┌──

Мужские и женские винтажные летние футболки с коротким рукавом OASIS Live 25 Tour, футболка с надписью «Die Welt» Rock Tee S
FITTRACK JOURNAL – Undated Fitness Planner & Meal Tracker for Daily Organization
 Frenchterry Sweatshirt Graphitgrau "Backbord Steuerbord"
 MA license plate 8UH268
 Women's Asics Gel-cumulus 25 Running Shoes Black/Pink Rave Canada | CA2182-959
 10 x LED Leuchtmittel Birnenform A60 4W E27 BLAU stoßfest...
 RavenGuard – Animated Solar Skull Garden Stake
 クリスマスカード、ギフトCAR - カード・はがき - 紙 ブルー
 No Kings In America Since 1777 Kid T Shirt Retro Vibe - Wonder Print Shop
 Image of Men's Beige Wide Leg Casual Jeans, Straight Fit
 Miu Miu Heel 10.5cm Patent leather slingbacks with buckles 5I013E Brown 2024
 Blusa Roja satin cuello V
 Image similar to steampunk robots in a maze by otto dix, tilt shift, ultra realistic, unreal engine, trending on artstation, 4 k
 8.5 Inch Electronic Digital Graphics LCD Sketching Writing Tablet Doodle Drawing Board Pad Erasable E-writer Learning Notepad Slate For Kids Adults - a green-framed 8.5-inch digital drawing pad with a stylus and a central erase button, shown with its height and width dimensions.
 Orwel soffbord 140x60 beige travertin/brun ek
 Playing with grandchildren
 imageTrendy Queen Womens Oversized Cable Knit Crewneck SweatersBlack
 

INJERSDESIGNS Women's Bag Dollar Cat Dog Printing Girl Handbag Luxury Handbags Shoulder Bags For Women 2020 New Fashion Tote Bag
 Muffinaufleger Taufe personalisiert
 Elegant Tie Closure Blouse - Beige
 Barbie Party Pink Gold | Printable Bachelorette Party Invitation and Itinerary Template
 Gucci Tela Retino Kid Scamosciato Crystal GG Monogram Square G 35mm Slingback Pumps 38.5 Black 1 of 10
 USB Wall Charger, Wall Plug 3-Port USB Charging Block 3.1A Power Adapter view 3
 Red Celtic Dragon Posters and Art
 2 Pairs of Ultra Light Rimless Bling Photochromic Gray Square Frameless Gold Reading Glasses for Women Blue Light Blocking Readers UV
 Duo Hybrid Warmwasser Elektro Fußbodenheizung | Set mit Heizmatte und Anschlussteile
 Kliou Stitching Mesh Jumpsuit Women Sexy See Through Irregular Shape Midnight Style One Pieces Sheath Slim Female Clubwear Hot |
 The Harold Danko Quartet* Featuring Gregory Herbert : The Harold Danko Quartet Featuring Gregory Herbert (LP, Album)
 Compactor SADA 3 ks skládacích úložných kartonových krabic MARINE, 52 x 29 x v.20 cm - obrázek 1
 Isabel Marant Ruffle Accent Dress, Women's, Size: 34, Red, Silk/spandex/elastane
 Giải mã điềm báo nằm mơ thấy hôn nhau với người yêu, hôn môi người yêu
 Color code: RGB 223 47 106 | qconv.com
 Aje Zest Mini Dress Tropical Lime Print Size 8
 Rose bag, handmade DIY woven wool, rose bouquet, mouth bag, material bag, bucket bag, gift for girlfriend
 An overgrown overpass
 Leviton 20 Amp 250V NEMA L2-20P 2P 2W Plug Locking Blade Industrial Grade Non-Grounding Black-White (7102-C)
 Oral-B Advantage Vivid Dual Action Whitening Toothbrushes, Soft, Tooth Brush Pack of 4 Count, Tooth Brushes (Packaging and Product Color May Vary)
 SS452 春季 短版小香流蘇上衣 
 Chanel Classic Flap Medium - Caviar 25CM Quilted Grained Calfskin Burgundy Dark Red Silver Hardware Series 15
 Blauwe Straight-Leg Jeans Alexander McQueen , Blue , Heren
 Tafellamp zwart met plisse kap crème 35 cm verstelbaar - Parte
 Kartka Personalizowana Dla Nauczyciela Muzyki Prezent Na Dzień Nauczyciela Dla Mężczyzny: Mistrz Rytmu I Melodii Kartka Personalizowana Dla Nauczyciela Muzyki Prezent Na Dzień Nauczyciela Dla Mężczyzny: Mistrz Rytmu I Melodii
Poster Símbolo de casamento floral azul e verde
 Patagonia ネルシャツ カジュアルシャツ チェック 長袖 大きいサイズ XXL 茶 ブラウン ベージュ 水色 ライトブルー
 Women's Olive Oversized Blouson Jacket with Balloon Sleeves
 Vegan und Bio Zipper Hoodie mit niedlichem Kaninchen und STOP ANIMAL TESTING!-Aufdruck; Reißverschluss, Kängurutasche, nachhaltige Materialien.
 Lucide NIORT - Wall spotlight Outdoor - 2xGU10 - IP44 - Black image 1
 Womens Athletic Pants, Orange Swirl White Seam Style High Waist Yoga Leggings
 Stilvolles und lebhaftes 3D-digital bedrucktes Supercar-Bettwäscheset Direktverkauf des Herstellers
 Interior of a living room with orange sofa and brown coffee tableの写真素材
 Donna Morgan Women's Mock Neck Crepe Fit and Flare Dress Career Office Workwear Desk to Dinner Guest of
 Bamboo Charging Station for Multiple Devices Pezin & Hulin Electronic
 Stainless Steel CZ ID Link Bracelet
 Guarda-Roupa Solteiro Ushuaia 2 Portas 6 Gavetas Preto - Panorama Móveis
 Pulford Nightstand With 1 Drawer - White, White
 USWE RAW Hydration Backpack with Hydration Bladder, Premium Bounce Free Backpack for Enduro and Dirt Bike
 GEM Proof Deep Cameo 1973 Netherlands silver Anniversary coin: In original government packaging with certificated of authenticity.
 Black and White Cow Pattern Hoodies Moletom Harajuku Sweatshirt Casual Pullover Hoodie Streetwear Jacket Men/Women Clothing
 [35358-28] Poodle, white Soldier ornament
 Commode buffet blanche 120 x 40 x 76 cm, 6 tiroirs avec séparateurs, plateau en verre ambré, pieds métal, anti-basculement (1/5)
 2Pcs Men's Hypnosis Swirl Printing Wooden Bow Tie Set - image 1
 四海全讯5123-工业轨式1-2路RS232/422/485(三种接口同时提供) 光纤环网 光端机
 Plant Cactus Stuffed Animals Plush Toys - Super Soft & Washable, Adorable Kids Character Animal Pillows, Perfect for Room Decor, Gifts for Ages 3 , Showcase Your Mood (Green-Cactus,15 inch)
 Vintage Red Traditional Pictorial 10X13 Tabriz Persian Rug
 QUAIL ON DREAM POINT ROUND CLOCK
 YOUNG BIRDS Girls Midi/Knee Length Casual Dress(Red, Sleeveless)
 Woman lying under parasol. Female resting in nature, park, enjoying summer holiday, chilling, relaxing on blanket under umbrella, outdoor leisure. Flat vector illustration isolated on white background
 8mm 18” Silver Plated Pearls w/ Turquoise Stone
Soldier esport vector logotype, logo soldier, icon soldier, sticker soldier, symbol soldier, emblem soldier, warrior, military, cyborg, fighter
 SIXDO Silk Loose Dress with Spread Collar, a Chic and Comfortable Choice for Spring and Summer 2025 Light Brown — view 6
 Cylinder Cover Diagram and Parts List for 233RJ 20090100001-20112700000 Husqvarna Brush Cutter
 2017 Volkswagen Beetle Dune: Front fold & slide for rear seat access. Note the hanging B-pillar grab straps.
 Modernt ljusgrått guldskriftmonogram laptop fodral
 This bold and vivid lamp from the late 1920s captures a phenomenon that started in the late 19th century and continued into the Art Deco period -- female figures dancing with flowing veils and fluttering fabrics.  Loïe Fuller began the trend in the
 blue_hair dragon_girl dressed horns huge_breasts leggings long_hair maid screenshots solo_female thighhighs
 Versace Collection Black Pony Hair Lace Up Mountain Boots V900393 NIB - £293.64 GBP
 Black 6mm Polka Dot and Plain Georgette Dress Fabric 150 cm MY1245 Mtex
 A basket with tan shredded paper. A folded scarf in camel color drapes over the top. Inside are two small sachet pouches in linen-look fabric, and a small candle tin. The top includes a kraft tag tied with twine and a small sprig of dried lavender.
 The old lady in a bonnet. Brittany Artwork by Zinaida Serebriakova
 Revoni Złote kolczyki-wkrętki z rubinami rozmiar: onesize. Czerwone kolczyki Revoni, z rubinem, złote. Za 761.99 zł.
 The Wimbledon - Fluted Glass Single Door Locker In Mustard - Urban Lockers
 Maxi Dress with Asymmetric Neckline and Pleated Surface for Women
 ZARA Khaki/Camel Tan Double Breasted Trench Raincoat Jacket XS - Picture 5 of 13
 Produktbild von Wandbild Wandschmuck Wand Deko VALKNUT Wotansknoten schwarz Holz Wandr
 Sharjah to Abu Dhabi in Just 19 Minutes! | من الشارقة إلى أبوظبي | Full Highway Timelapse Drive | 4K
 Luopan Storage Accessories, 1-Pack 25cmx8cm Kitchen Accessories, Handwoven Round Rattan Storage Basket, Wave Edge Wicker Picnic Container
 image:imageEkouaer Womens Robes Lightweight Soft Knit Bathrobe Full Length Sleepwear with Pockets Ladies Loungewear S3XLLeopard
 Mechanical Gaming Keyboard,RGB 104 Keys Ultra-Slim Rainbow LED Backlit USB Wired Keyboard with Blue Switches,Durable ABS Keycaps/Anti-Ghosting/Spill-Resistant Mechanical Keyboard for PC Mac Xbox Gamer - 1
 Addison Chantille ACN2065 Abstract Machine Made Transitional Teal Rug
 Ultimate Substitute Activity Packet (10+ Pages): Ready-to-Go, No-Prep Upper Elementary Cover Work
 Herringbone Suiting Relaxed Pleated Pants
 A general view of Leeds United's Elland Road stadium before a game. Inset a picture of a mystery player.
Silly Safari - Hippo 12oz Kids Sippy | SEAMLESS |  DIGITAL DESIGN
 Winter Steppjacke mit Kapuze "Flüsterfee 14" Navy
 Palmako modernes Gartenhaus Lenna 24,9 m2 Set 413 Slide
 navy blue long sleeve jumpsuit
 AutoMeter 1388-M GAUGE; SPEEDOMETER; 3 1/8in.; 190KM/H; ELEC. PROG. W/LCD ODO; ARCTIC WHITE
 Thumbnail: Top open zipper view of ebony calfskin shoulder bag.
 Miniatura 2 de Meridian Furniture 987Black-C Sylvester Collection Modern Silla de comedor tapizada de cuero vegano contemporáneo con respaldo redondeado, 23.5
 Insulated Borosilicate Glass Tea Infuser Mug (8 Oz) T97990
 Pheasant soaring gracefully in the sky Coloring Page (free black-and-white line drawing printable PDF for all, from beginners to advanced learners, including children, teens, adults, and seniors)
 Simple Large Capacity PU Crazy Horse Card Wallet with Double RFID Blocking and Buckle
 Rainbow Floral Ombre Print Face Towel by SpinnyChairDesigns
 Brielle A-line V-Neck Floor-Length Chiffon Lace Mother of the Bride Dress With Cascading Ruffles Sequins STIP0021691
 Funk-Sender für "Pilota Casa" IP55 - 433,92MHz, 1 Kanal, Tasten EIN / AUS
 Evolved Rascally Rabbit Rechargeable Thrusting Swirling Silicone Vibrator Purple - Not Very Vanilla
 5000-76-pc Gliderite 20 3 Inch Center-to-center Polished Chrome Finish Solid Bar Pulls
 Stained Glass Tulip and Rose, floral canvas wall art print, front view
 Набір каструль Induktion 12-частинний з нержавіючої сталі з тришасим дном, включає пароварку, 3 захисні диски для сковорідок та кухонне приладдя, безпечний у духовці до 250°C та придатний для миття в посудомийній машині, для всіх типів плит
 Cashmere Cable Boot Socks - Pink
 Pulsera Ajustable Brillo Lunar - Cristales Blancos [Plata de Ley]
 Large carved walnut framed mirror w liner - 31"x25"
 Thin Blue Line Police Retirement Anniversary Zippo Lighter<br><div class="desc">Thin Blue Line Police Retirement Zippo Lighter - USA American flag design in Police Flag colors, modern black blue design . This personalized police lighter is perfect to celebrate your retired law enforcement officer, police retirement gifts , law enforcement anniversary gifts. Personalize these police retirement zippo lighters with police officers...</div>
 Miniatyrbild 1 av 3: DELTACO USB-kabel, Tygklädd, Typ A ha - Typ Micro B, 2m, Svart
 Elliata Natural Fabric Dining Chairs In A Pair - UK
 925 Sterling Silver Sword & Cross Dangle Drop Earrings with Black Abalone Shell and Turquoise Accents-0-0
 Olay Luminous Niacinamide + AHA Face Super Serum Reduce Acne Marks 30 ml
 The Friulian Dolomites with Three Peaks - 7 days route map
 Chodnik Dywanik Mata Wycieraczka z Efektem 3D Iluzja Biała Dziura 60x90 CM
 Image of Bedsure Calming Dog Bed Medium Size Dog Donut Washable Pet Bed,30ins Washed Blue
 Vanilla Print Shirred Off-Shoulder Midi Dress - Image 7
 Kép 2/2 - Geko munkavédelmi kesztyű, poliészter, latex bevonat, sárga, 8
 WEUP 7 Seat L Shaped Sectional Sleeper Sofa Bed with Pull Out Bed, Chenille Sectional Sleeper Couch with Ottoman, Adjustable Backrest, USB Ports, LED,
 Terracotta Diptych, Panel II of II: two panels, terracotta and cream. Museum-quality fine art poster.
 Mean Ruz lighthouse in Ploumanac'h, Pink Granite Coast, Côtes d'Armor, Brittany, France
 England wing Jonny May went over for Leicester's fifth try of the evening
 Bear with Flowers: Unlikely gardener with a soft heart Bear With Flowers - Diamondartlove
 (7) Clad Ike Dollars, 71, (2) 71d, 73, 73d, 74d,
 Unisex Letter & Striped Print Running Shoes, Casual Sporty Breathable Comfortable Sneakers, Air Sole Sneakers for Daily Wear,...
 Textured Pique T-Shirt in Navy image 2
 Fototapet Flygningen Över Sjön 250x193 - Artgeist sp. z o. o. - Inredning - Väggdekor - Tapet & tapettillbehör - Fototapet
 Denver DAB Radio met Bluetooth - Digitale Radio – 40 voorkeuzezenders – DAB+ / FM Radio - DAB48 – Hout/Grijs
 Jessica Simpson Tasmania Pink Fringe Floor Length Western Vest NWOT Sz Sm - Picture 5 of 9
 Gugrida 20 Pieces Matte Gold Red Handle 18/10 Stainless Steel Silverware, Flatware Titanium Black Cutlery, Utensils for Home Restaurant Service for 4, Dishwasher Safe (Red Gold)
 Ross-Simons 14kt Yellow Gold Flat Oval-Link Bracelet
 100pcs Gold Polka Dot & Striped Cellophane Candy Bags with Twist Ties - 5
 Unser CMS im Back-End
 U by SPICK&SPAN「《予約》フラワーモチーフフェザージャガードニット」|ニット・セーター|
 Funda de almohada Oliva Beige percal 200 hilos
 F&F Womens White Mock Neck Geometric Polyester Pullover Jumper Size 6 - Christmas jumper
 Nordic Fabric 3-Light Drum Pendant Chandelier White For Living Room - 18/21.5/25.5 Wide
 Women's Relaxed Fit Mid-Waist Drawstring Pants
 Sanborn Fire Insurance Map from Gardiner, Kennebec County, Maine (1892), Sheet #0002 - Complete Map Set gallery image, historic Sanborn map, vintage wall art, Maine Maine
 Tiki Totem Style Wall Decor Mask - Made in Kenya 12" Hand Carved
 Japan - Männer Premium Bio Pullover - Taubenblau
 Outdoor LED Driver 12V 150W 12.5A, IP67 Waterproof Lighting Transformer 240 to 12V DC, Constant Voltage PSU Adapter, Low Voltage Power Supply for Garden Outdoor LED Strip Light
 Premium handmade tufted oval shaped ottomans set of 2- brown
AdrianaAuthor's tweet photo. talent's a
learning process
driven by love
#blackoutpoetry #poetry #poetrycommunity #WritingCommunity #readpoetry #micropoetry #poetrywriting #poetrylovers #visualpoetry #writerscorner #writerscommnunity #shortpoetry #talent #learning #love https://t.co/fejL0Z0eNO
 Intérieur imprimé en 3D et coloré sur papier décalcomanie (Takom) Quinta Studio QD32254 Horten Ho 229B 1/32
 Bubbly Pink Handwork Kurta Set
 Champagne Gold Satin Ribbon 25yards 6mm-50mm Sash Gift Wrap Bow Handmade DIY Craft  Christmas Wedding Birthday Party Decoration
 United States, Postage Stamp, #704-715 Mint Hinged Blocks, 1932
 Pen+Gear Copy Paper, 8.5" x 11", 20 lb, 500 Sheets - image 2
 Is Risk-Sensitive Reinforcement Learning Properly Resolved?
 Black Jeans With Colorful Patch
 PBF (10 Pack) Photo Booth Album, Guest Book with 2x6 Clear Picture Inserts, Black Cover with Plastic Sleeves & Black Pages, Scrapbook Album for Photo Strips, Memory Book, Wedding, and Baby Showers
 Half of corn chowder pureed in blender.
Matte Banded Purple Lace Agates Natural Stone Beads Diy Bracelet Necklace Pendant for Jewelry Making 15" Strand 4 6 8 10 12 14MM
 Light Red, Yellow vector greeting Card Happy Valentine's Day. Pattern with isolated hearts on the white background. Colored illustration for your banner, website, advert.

└──

* [What this task involves]: The lines above from the one with "A basket with" through the one with "The Wimbledon - Fluted" are to be duplicated exactly, ends included, with nothing added.

* [Written response]:
 A basket with tan shredded paper. A folded scarf in camel color drapes over the top. Inside are two small sachet pouches in linen-look fabric, and a small candle tin. The top includes a kraft tag tied with twine and a small sprig of dried lavender.
 The old lady in a bonnet. Brittany Artwork by Zinaida Serebriakova
 Revoni Złote kolczyki-wkrętki z rubinami rozmiar: onesize. Czerwone kolczyki Revoni, z rubinem, złote. Za 761.99 zł.
 The Wimbledon - Fluted Glass Single Door Locker In Mustard - Urban Lockers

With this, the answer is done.